Unsolved

9 Legend

 • 

15.2K Posts

28

January 16th, 2025 23:46

HDD burnt

160GB HDD previously working

when installed in Optiplex 7050 it gives a high pitch ringing sound non stop when powered on

adjust it a bit the sound can go away

MS installation media says no drive found

HDD dx says the drive failed

doing a Delll dx test any way 

stepped away

when back there is a plastic burning smell hovering and comes from the hdd

no fire no smoke

hdd cosmetically looks great in condition

never seen this before

when previous hdd died they just went away quietly no bad smell

this one died with bad odor?

how does a HDD burn?

8 Wizard

 • 

17.1K Posts

January 17th, 2025 00:54

They are spinning very-fast inside. One thing that old/failing HDDs do is get very hot (and start setting off internal sensors and alarms).
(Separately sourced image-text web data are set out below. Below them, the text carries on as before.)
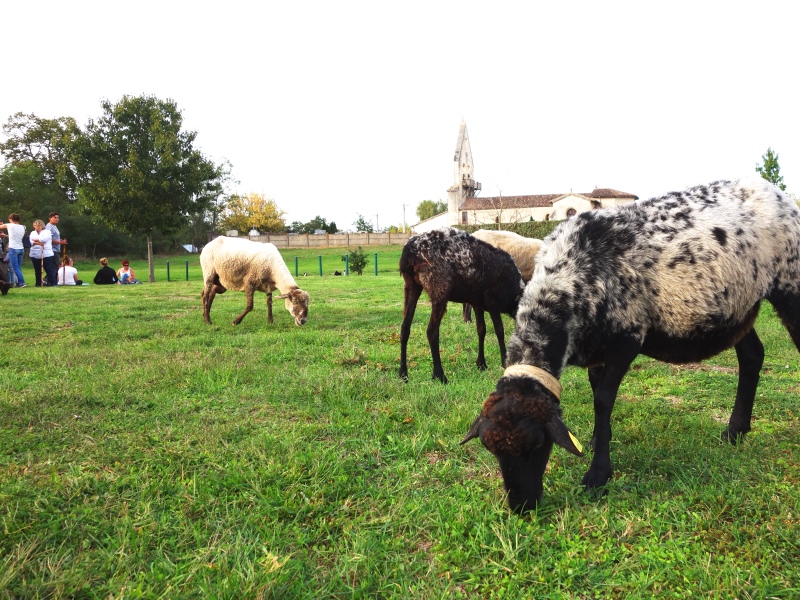 Saint-Michel-de-Castelnau - transhumance (1)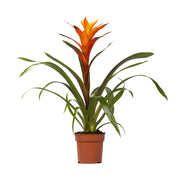Guzmania 'Variada' - Ø12cm - ↕45cm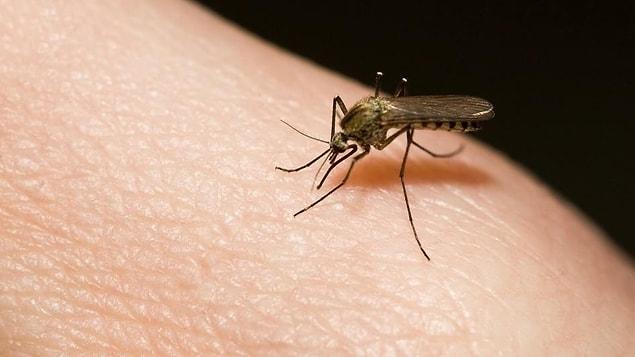 12. Mosquitoes are the only creatures that have killed more people than human beings have in wars.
I suggest you trash-it and get yourself a SSD. A 2.5inch SATA-3/600 one should work. They make cheap frame-adapters that let them be installed in a 3.5inch bay. 

10 Elder

 • 

30.2K Posts

January 17th, 2025 00:59

Sounds like a capacitor or MOSFET on the logic board gave up the ghost.  A 160G drive would have to be quite advanced in years, which likely contributed to the failure if not caused it outright.

9 Legend

 • 

15.2K Posts

January 17th, 2025 01:51

I am old fashioned and I just like the feel of sold 3.5 hdd, it is like a rock as the song said, it it is stalwart.  I have 2.5 ssd but as light as feather and flimsy.  I know the latter is fast and more modern but there is still a good share of old 3.5 hdd happily spinning around.

8 Wizard

 • 

17.1K Posts

January 17th, 2025 03:31

Well, the SSD is no flimsier than a video-card or motherboard. With no-moving parts, SSDs are much faster (even older-tech SATA-SSD's are 3-4 times faster than any spinning-HDD). IOPS are off-the-chart better. Finally, more reliable (if the nice OS/driver/apps machine you built-up OR the actual-data on it is of value to you).

But sure ... if those spinning HDDs are installed and still working ... you should be fine as long as you keep them backed up.

Out of the 30 or so SSDs I know about (in my machines, family, and my clients) only one has ever crashed (an old SATA-2/300 Kingston). An updated-firmware got it going again (for years now). Many are over 10-years old now and still work fine (and their SMART reports "good" still). Just sayin. 

7 Technologist

 • 

9.2K Posts

January 17th, 2025 03:55

Many years ago, I was given a Gateway PC with 40GB HDD.  It had quite the whine to it.  Nothing a drop of oil didn't take of.  Not saying that's the case with redxps' HDD.

8 Wizard

 • 

17.1K Posts

January 17th, 2025 04:20

@bradthetechnut

Many years ago, I was given a Gateway PC with 40GB HDD.  It had quite the whine to it.  Nothing a drop of oil didn't take of.  Not saying that's the case with redxps' HDD.

Good work.

Yeah, I have stories like that. We used to spend a lot of time keeping those HDDs working, cool, backed-up, stress-testing after crash (trying to determine if they are good-enough to reload/rebuild). Most of that time is freed-up now.

But what I remember most is all the problems they caused when they crashed in a business environment. Back-office and Point-of-Sale terminals and servers ... lots of man-hours spent getting it all going again (not to mention the lost end-user productivity). We also did some law-offices. FYI, lawyers really need their court-docs, pics, and spreadsheets.

Much better now. In the business-world ... reliability is better than cheap/saving-money. At least it was in the professional vertical-markets I worked in. Most also opted for performance over inexpensive/barely-adequate.